Assume ZFC.
I read a claim:
"[A]ny singular cardinal contains a closed unbounded set consisting of ordinals that are not cardinals, [...]"
and I wanted to prove that claim. Here is the argument I came up with:
Say $\aleph_\alpha$ is a singular cardinal so $\alpha$ is a limit. For each $\eta<\alpha$, let $C_\eta$ be closed unbounded in $\aleph_\eta$ and we may assume $0\notin C_\eta$. Consider $E_\eta=\{ \aleph_\eta+\beta\mid \beta\in C_\eta\}$; then $E_\eta\subset(\aleph_\eta,\aleph_{\eta+1})$ for each $\eta$. If we consider $E=\bigcup_{\eta<\alpha}E_\eta$, then $E$ is closed unbounded in $\aleph_\alpha$: Clearly it is unbounded. Suppose $\gamma<\aleph_\alpha$ and $\gamma\cap E$ is unbounded in $\gamma$. Since there is some $\eta$ such that $\gamma<\aleph_\eta$, if $\eta$ is the least such it must have a predecessor $\xi$, and so $\aleph_\xi<\gamma<\aleph_{\xi+1}$. Then we know $\gamma\cap E_\xi$ is unbounded in $\gamma$ and so $\gamma\in E_\xi$.

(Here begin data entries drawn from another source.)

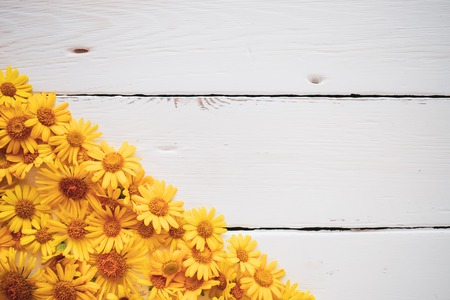 White Board vintage background with yellow flowersの写真素材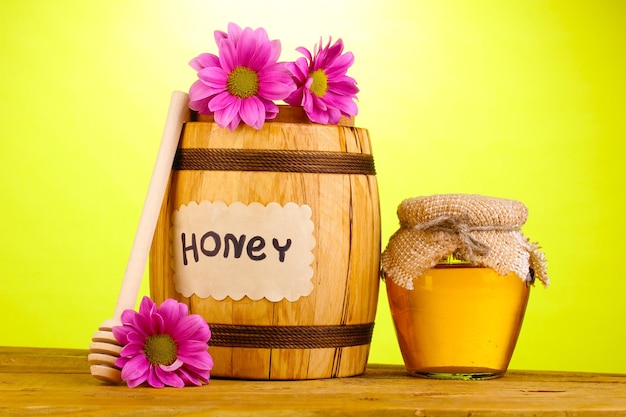 Sweet honey in barrel and jar with drizzler on wooden table on green background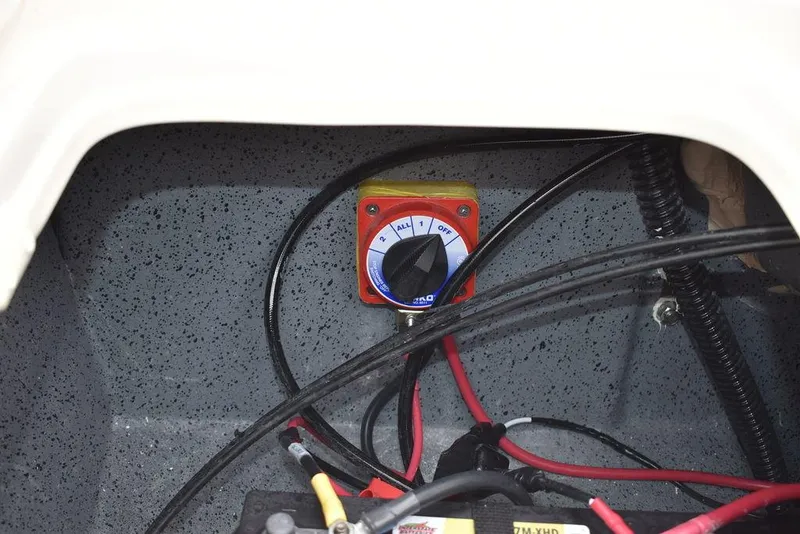 Slide: The Image of 2022 Carolina Skiff 19 Ultra Elite battery switch and wiring compartment. - 28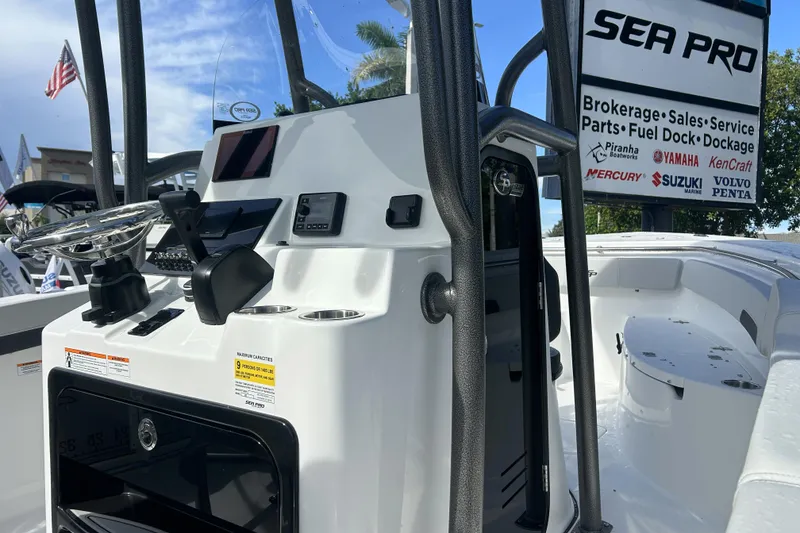 Slide: The Image of 2026 Sea Pro 222 Center Console boat interior with steering wheel and control panel. - 6
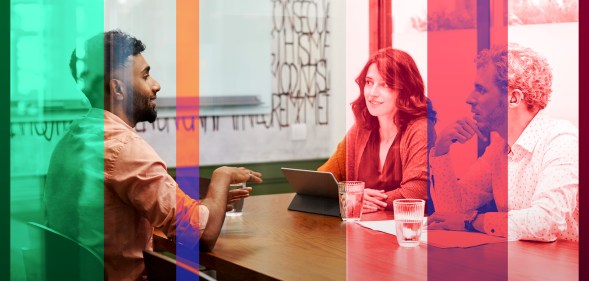 A man in a beard is sitting across from a man and woman in a conference room setting in an office.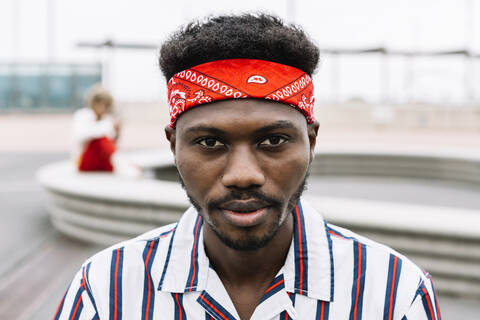 Man wearing headband staring while sitting outdoors stock photo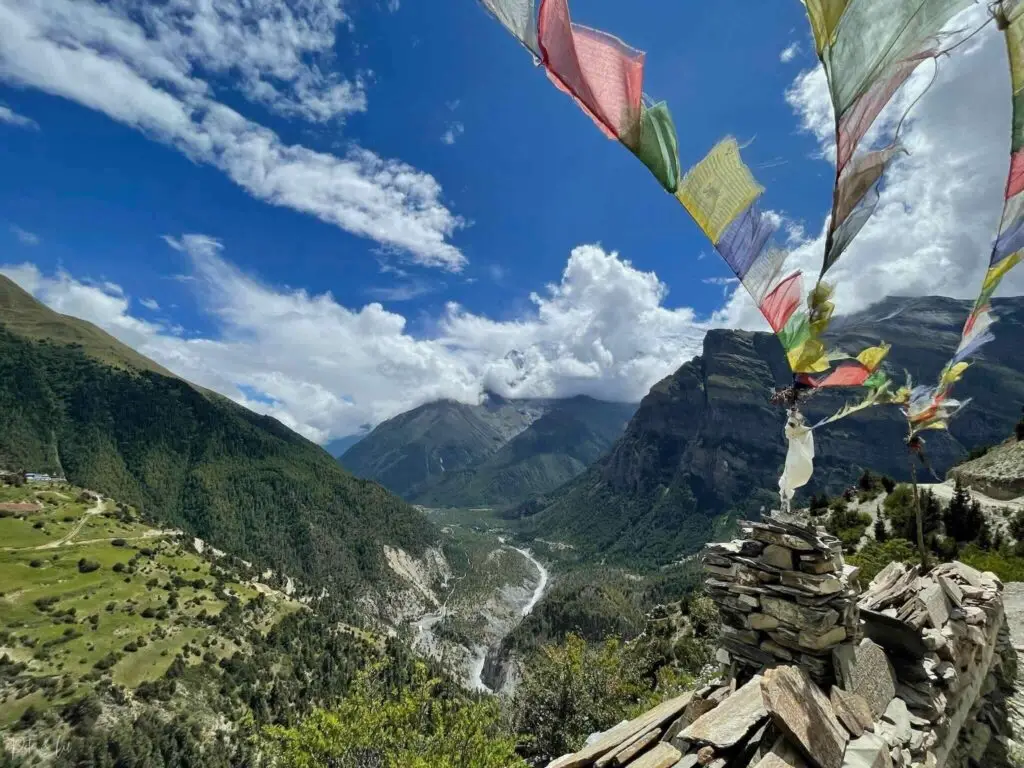 Vallée avec sommet enneigé dans les nuages et drapeaux de prières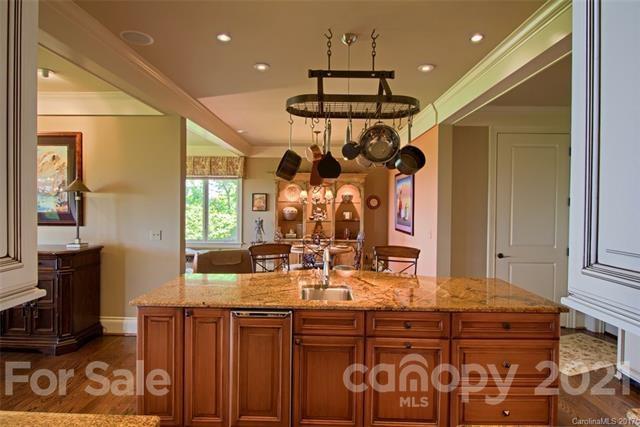 851 Sunlight Ridge Drive Hendersonville, NC 28792 - Photo 2 of 6 a kitchen with a sink and chandelier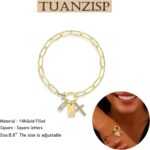 Close-up of a gold-plated paperclip link chain bracelet with a letter J initial charm and a small cross charm, on a light bac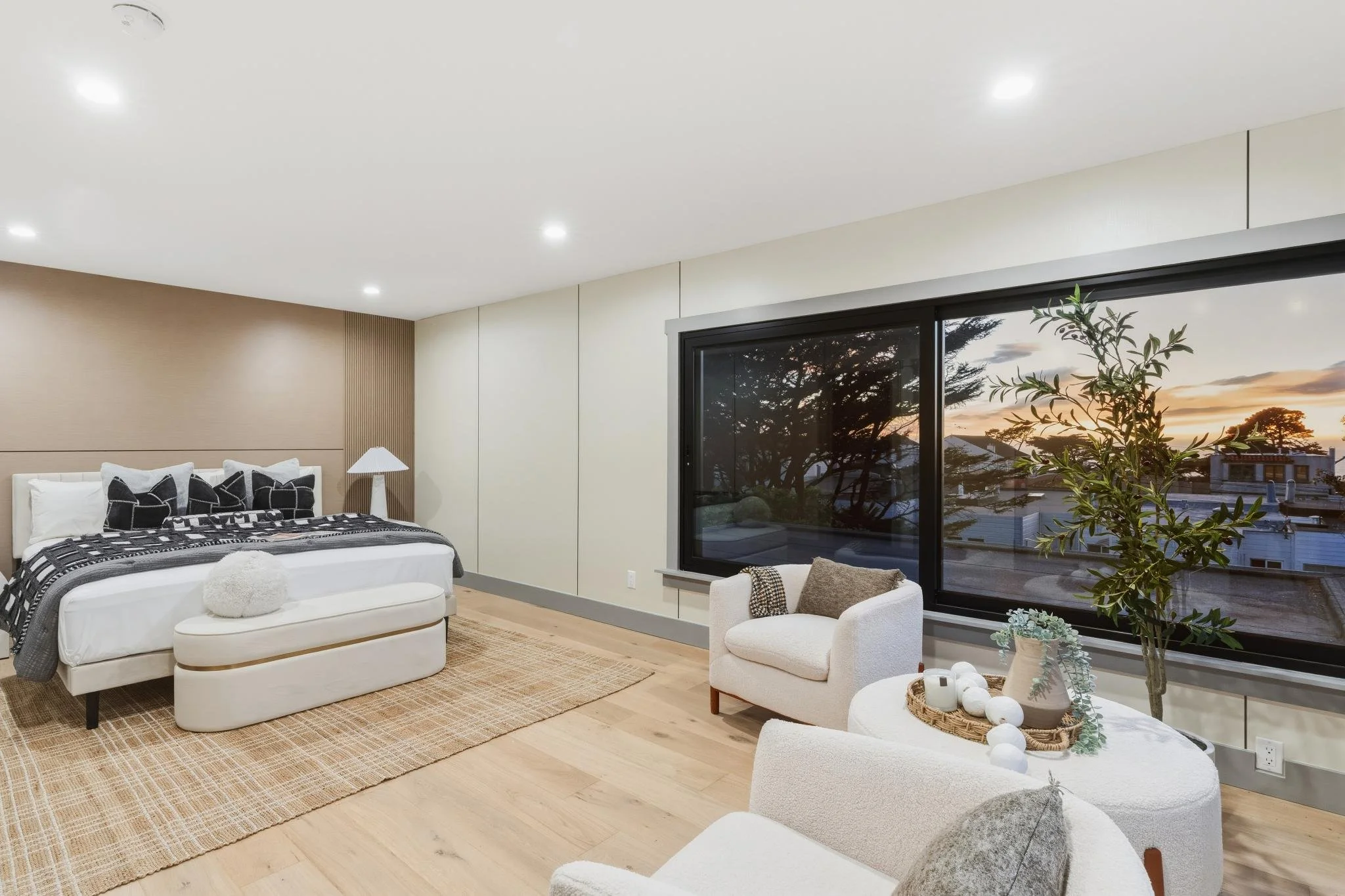 A modern bedroom with a white bed, black and white pillows, a beige bench, a beige armchair with a brown pillow, a wicker tray with white balls and a plant on a white round table, a large window with trees outside at sunset, and warm wooden flooring.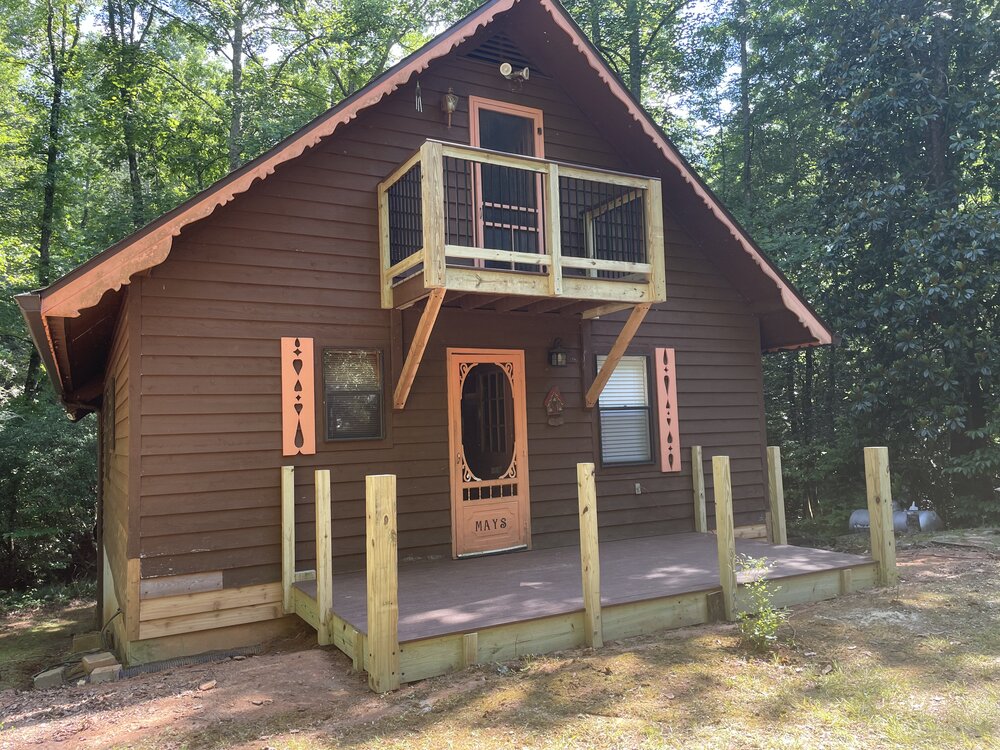 Progress view of balcony deck completely finished Trex Decking and new aluminum pickets framed in wood.
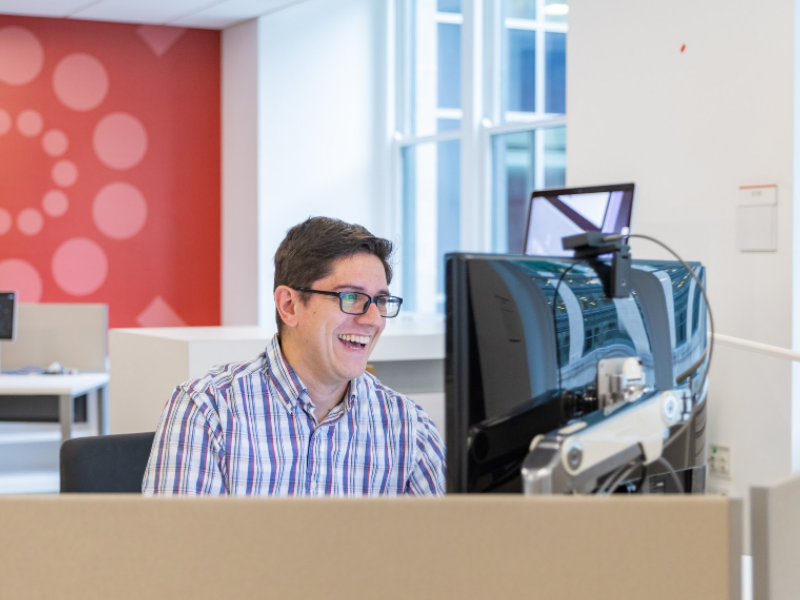 A worker sitting at his computer with a wide smile looking at his computer screen.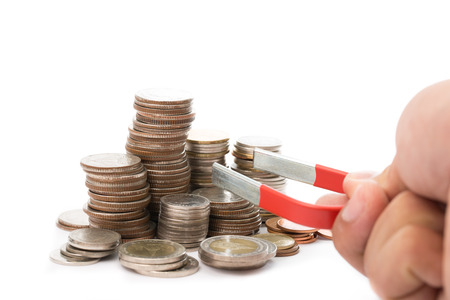 Businessman used large magnet for attracts benefit income with their marketing conceptの写真素材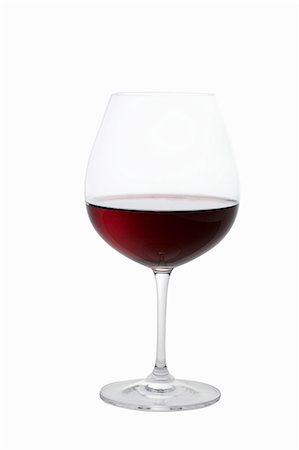 Glass of Red Wine on White Background Stock Photo - Premium Royalty-Free, Code: 659-03530281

This argument should be wrong because I didn't use the assumption that $\aleph_\alpha$ is singular, and Mahlo cardinal (a strongly inaccessible cardinal $\kappa$ such that the set of regular cardinals under $\kappa$ is stationary in $\kappa$) is a thing. So where is the problem?